I imagine a pathway of steppingstones, white stones in brown earth, leading to a small rounded wooden door. It’s a hobbit door, an Alice-in-Wonderland door, a door almost-but-not-quite covered in dark green ivy leaves. I brush the leaves aside.
The knob turns easily, and the door opens inward to a dark passageway. Once through the dark, I enter a huge atrium filled with white natural light. I have a choice of four chambers to enter, one for each of the ancient elements: earth, water, fire, and air.
Earth
I enter the earth chamber first, into a pleasant earthy smell, what I used to smell when I dug in the earth as a child, when each fingernail had a line of black earth. It was a difficult task for my mother to get my hands pink and wrinkly again after soaking in water.
Water
I enter water, the second chamber. There is a roaring waterfall in this chamber. The sound is loud and the cold spray of water on my face is bracing. I feel inexplicably happy, giddy, filled with laughter. The waterfall has given me back my voice, the one I silenced so long for fear of the harm my words could do to others.
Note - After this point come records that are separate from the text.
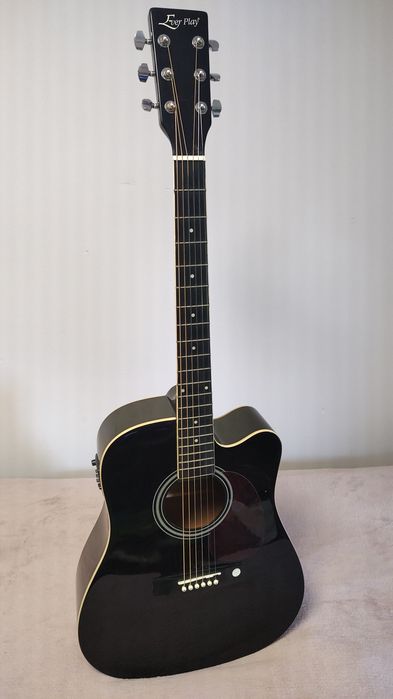 Ever Play AP-303CEQ GT-4 BK solidna gitara elektroakustyczna. Dobra cena !!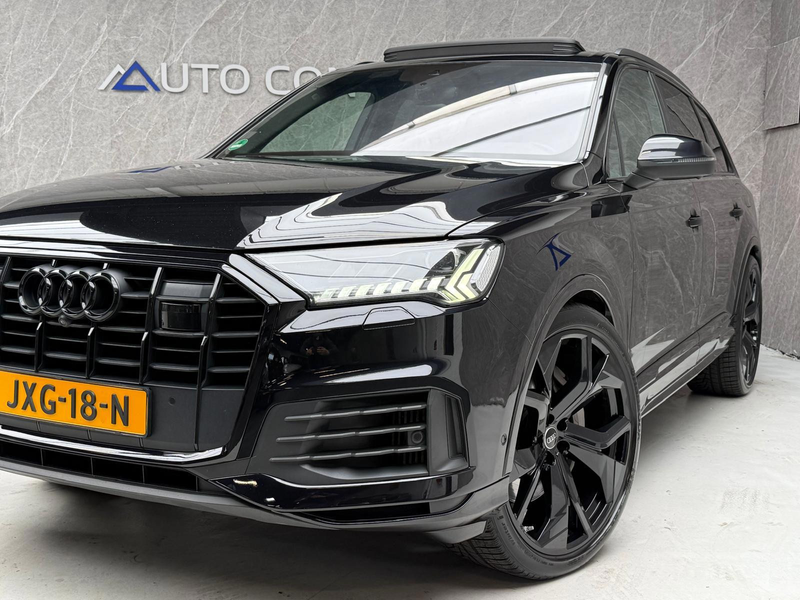 Audi Q7 55 TFSI e quattro / Nette Auto / Panorama — photo 5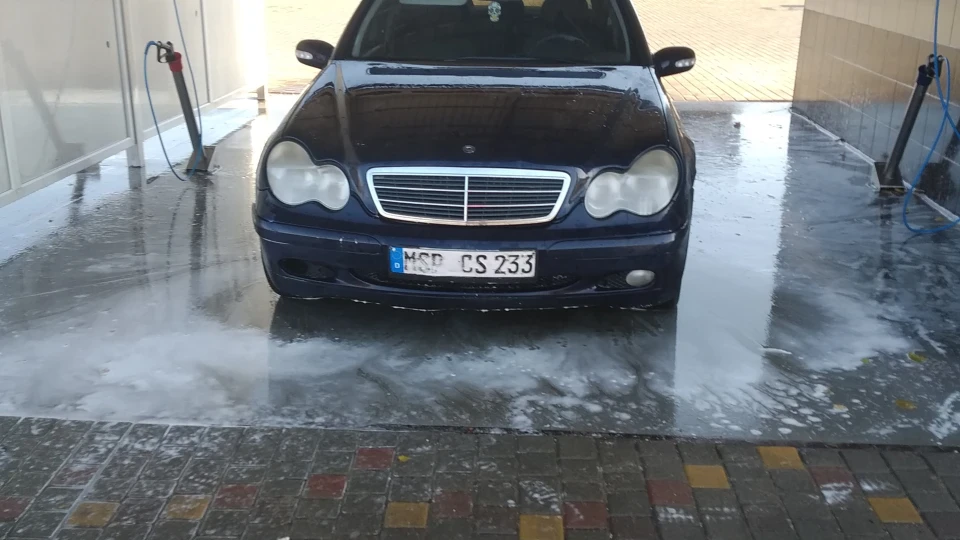 Mercedes-Benz C-Class 3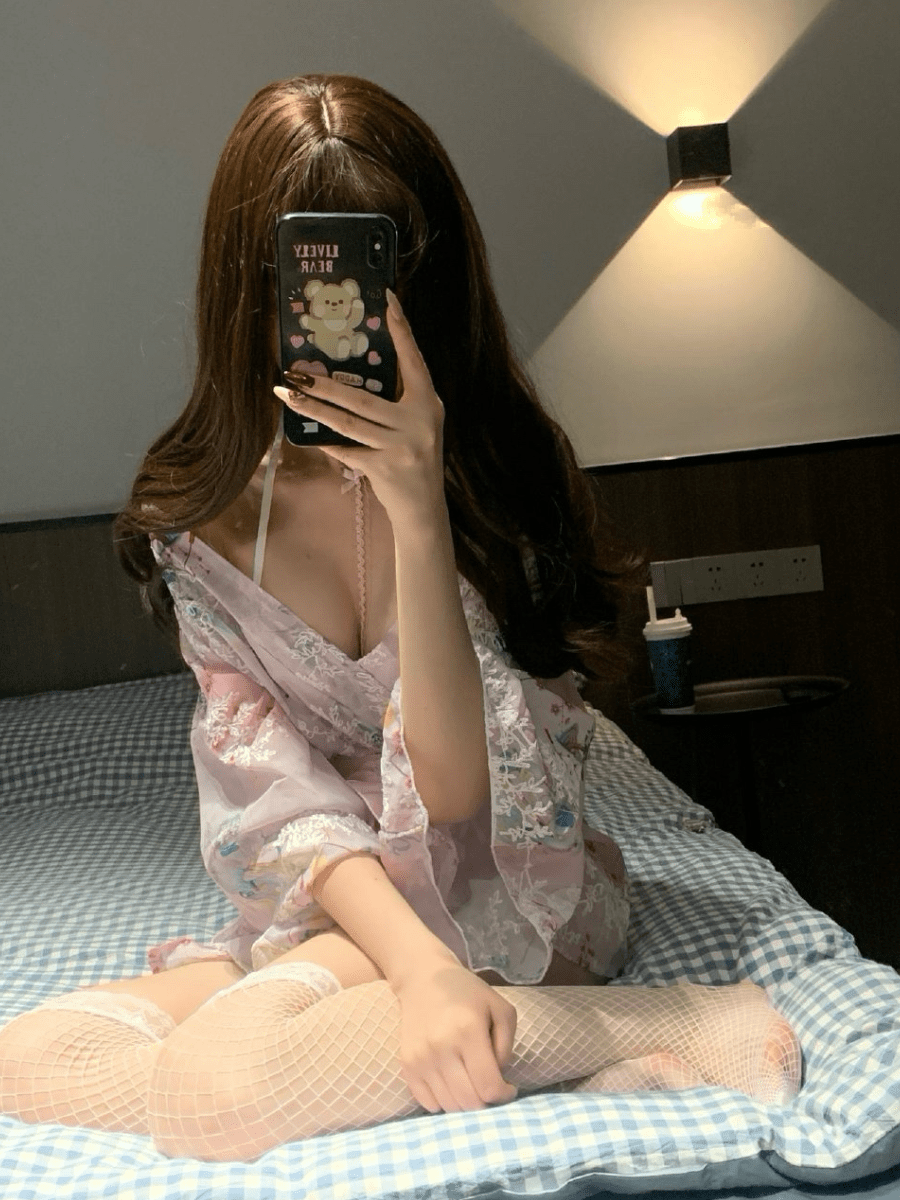 抖音林扣弦写真合集：62图35视频铁粉珍藏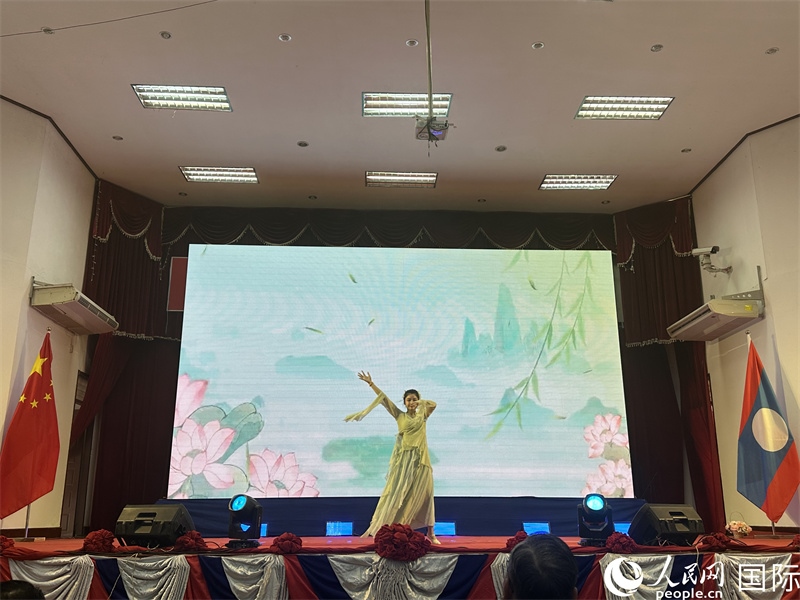 圖片：老撾選手參加第二十三屆漢語(yǔ)橋世界大學(xué)生中文比賽老撾賽區(qū)決賽。孫廣勇攝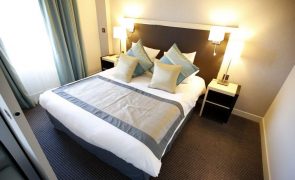Algarve supera em abril taxas de ocupação hoteleira por quarto desde 1996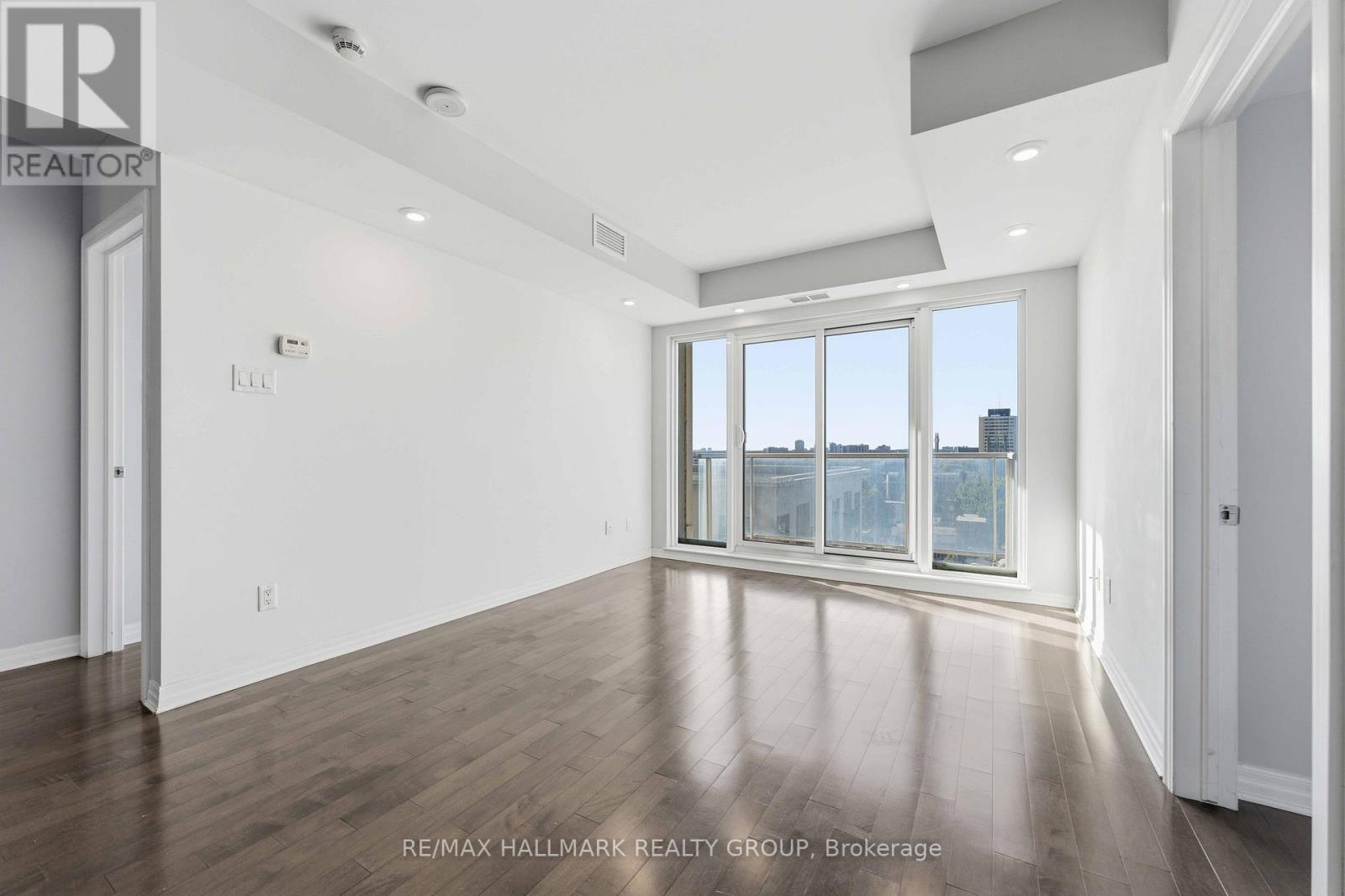 #1402 195 BESSERER STREET - 13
I was wrong. Others needed to hear the truth, the truth told skillfully and kindly. It’s taken most of my lifetime to learn these skills, but I take them as a gift, a gift given by a fairy-tale grandmother, the crone I met in the fire chamber.
Fire and Air
When I entered the third chamber, she was sitting on a log in the heart of a dense forest. Woodsmoke smell, sparks flying up into the air, a crackling sound. The woman was sitting still, wrapped in a dark shawl, her eyes glittering with the reflected fire.
I bowed my goodbye to her and walked back through the bright atrium to the fourth chamber, air. This room was filled with a rush of wind, cleansing wind blowing away all the dust and cobwebs that used to line this chamber. I move my hands, palms together, up to my chest in prayer position, in a position of gratitude. Thank you, I say.
And my fifteen minutes was up. This was the first time in seven years that I’d returned to this visualization of what’s in my heart, and I was encouraged to know that, emotionally and spiritually, my heart is healthier now than it was then.